So no I don’t think this will happen either. Authors may use use AI them selves as one tool in their tool box as they write their script, but we will not see entire production screen plays being written by generative AI set for theatrical release. The industry will simply not allow that to happen. At most you can have AI write a screen play for your own amusement, not for publication.
I'm thinking more of a Gibsonian 'Garage Kubrick'. A solitary auteur (or small team) that produces the film alone perhaps without even touching a camera, generating all the footage using AI (in the novel the auteur creates all the footage through photo/found-footage manipulation, or at least thats all we see in text). The script will probably be human written, I'm not talking about an AI producing a film from scratch, rather a film being produced using AI to create all the visuals and audio.
That is a far more reasonable prediction but I don’t even see this future. This kind of “film making” will at best be something generated for the amusement of the creator (think, give me a specific episode of Star Trek where Picard ...) or as prototypes or concepts of yet to be filmed with actual actors. And it certainly won’t be in theaters, not in 5 years, or ever.
Generative AI will not be able to approach the artistry of your average actor (not even a bad actor), it won’t be able match the lighting or the score to the mood (unless you carefully craft that in your prompt). It won‘t get creative with the camera angles (again unless you specifically prompt for a specific angle) or the cuts. And it probably won’t stay consistent with any of these, or otherwise break the consistency at the right moments, like an artist could.
If you manage to prompt the generative AI to create a full feature film with excellent acting, the correct lighting given the mood, a consistent tone with editing to match, etc. you have probably spent much more time and money into crafting the prompt than would otherwise have gone into simply hiring the crew to create your movie. The AI movie will certainly contain slop and be visibly so bad it guaranteed will not be in theaters.

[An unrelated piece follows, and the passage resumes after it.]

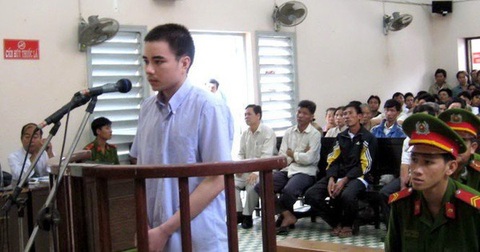 Sáng nay, giám đốc thẩm vụ án tử tù Hồ Duy Hải - Ảnh 1. Sáng nay, giám đốc thẩm vụ án tử tù Hồ Duy Hải - Ảnh 1.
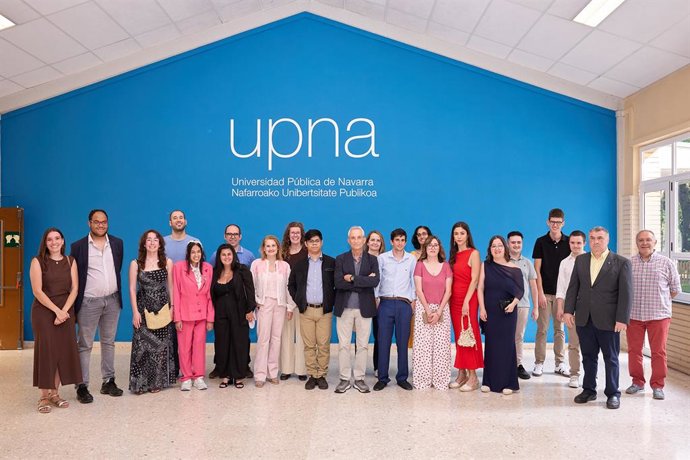 Un total de trece personas se gradúan en la octava promoción del Diploma de Extensión Universitaria Laborable de la Universidad Pública de Navarra (UPNA).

Now if you hired that crew to make the movie instead, that crew might use AI as a tool to enhance their artistry, but you still need your specialized artists to use that tool correctly. That movie might make it to the theaters.
blair witch project looked like shit, 'the cinematography doesn't approach a true director of photography', the actors were shit... etc. Given the right script and concept it can be amazing and the imperfection of AI can become part of the aesthetic.
It was still a creative stroke of genius. The shit acting along with the shit cinemotography was preceded by a brilliant marketing campaign where you expected this lack of skill by the film makers.
In music you also have plenty of artists that have no clue how to play their instruments, or progress their songs, but the music is nonetheless amazing.
Skill is not the only quality of art. A brilliant artist works with their limitation to produce work which is better than the sum of its part. It will take AI the luck of ten billion universes before it produces anything like that.
So what you are saying is some aspects of movie making will use AI as parts of their jobs. That is very realistic and probably already happening.
Saying that large video models will be in theaters sounds like a completely different and much more ambitious prediction. I interpreted it as if large video models will produce whole movies on their own from a script of prompts. That there will be a single film maker with only a large video model and some prompts to make the movie. Such films will never be in the theater, unless by some grifter, and than it is certain to be a flop.